*** Opening Data provided ***

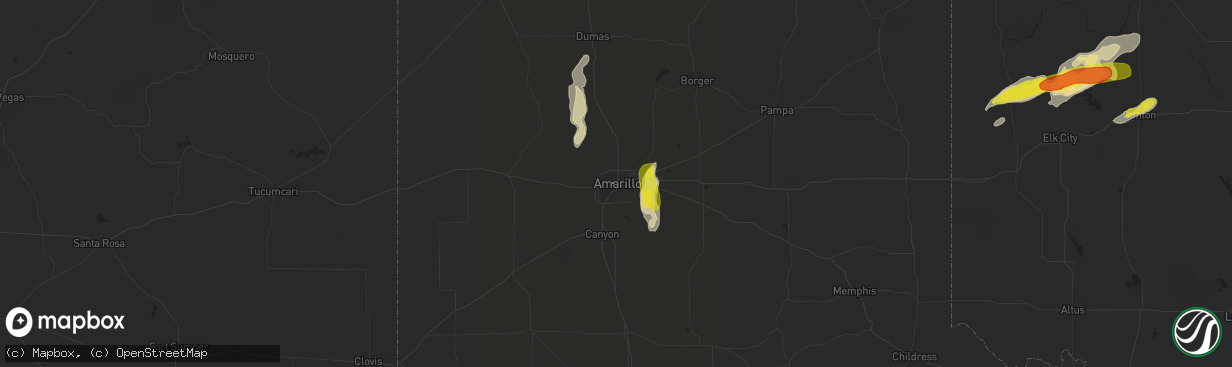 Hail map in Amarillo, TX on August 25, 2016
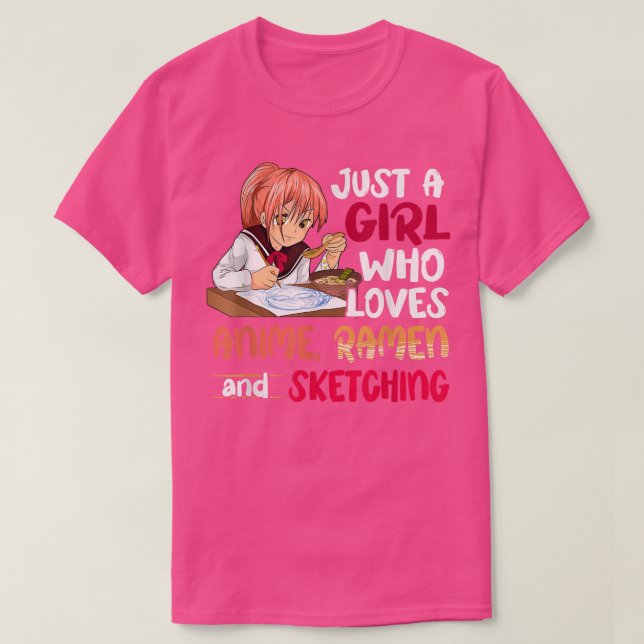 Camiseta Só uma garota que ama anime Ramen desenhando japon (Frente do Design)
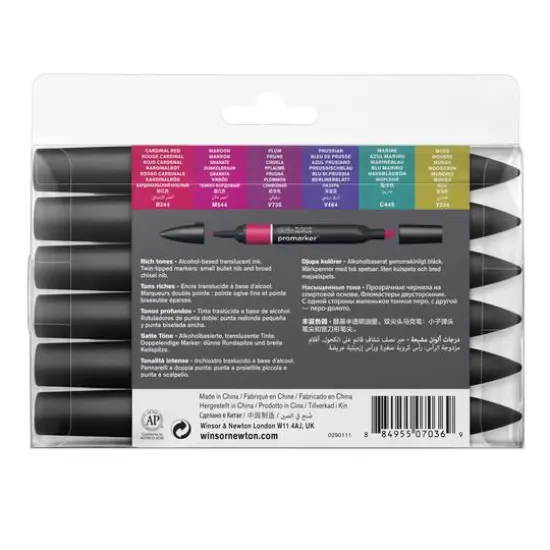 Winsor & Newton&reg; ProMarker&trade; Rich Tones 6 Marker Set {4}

*** Closing Data provided ***

Exercise instructions
Leave out the pictures and output the rest of the material exactly as written.

Task output
 Hail map in Amarillo, TX on August 25, 2016
 Camiseta Só uma garota que ama anime Ramen desenhando japon (Frente do Design)
 Winsor & Newton&reg; ProMarker&trade; Rich Tones 6 Marker Set {4}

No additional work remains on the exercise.